Jemimah Rodrigues is again in headlines, this time for a milestone with the bat. The India batter lately crossed the 2500-run mark in T20 Internationals in the course of the sequence decider in opposition to Australia at Adelaide Oval, reinforcing her place as one of many format’s most dependable top-order names.
However numbers are solely a part of the story. Off the sector, Rodrigues’ self-discipline exhibits up simply as strongly in how she eats, trains and recovers. As famous in an interview given to indianexpress.com, her way of life leans closely on steadiness moderately than extremes. Structured, sure. However by no means inflexible.
Jemimah Rodrigues’ eating regimen plan: Balanced, sensible, sustainable
Rodrigues’ meals routine is constructed round fuelling efficiency with out reducing out pleasure completely. Breakfast is often gentle. Fruit bowls, smoothies, typically her go-to home made inexperienced juice. Hydrating, simple on the intestine, sufficient to get the day shifting.
That inexperienced juice is one thing she swears by. A mix of inexperienced apple or pear with spinach, cucumber and bottle gourd. Excessive on fibre, iron and antioxidants. Particularly useful post-training when restoration turns into precedence. Lunch and dinner keep easy. A steadiness of protein, greens and carbohydrates. Nothing overly restrictive. Simply purposeful consuming that helps coaching load.
Being raised in a Mangalorean family, she additionally leans into non-vegetarian consolation meals. Eggs, sausages or bacon for breakfast on some days. Fish often options in major meals. Acquainted meals. Cultural meals. And she or he doesn’t imagine in complete denial both. Avenue meals favourites like bhel puri or shawarmas from Mumbai’s Carter Highway make appearances. So do Nutella pancakes, rooster wings and even mutton biryani often. Moderation, not elimination.
Jemimah Rodrigues’ health routine: Ability, power and agility
Her coaching break up is structured however diversified. Some days are skill-heavy. Batting drills. Fielding periods. Match simulations. The technical aspect of cricket. Different days shift focus completely to health. Energy work. Conditioning. Gymnasium periods designed to construct endurance throughout lengthy excursions and tight schedules.

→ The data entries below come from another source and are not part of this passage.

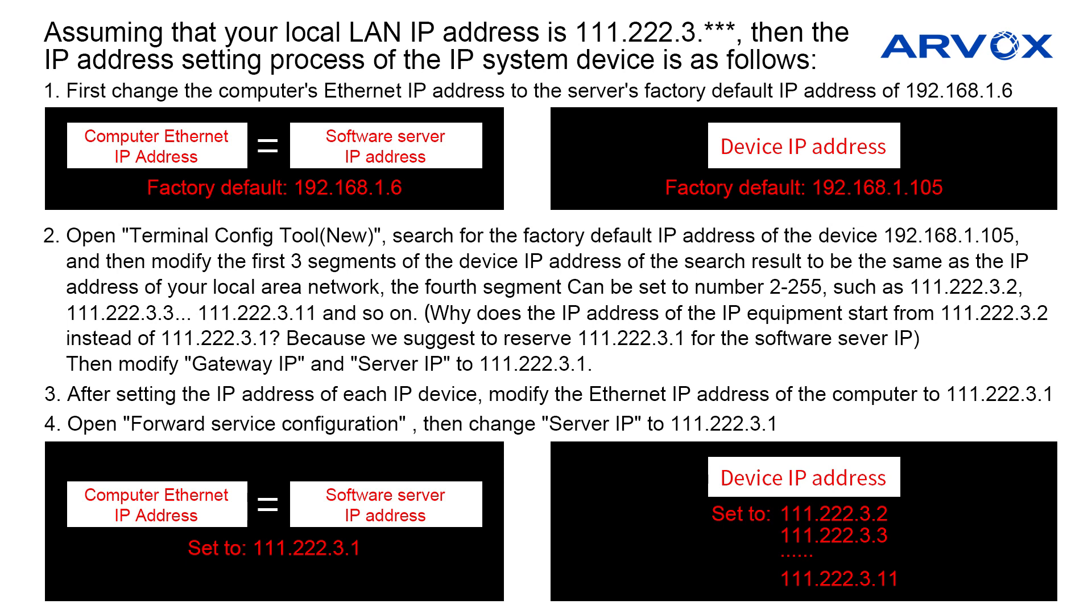Then the IP address setting process of the IP system device is as following. First, change the computer's Internet IP address to the server's factory default IP address of 192.168.1.6.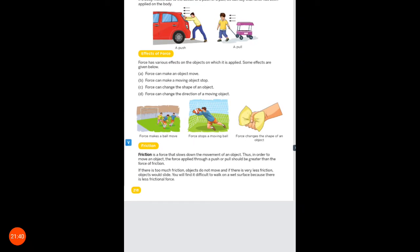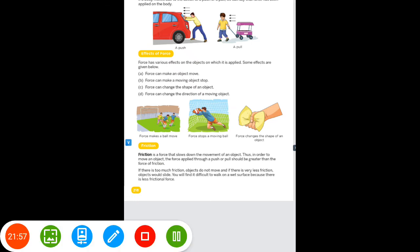Here our chapter is complete. I hope you have understood what is sound, force, features of a shadow, effects of force and what is friction. That's it for today. Have a nice day.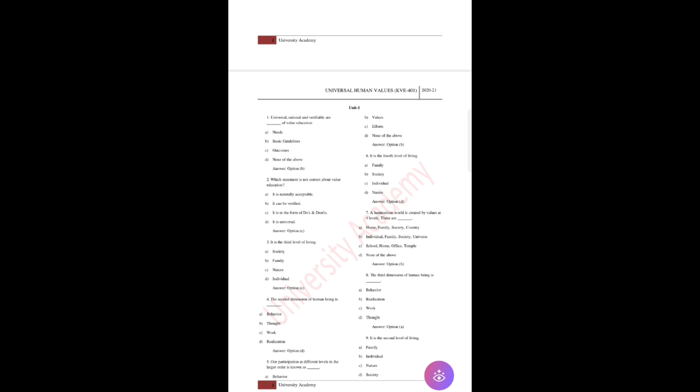Suppose the first question: Universal, rational, and verifiable are blank of value education. The answer is option B, that is values. You have to remember these questions. Until you practice, it becomes very difficult for you people to cover these particular questions.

Agility stays an enormous focus space. Brief sprints. Route-change drills. Response work. All geared towards sustaining sharpness between the wickets and within the subject. She typically speaks about consistency over depth. Displaying up each day. Even when motivation dips. Even when routine feels repetitive. Lengthy-term efficiency, she believes, is constructed there.
Jemimah Rodrigues: Restoration, sleep and match readiness
Restoration is handled as a part of coaching, not separate from it. Sleep particularly. Earlier than essential matches, she prioritises relaxation to remain mentally clear and bodily responsive. Overtraining earlier than video games is one thing she avoids. As an alternative, she opts for lighter internet periods nearer to match day. Psychological freshness issues as a lot as bodily readiness.
Well being mantras Jemimah Rodrigues swears by
One thought she repeatedly stresses is individualisation. She cautions in opposition to blindly copying social media health traits, noting that each physique responds in a different way to meals and coaching kinds. She additionally values psychological leisure earlier than massive fixtures. Somewhat than overloading preparation, she prefers giving herself respiration room. Time to decompress. Time to reset.
As a result of at elite degree, efficiency isn’t nearly follow hours. It’s about how nicely you get well, how clearly you assume and the way constantly you present up. Rodrigues’ routine displays precisely that. Balanced. Disciplined. However nonetheless human sufficient to depart house for shawarmas and road meals cravings from time to time.
Disclaimer: Suggestions and recommendations talked about within the article are for normal info functions solely and shouldn’t be construed as skilled medical recommendation. At all times seek the advice of your physician or a dietician earlier than beginning any health programme or making any adjustments to your eating regimen.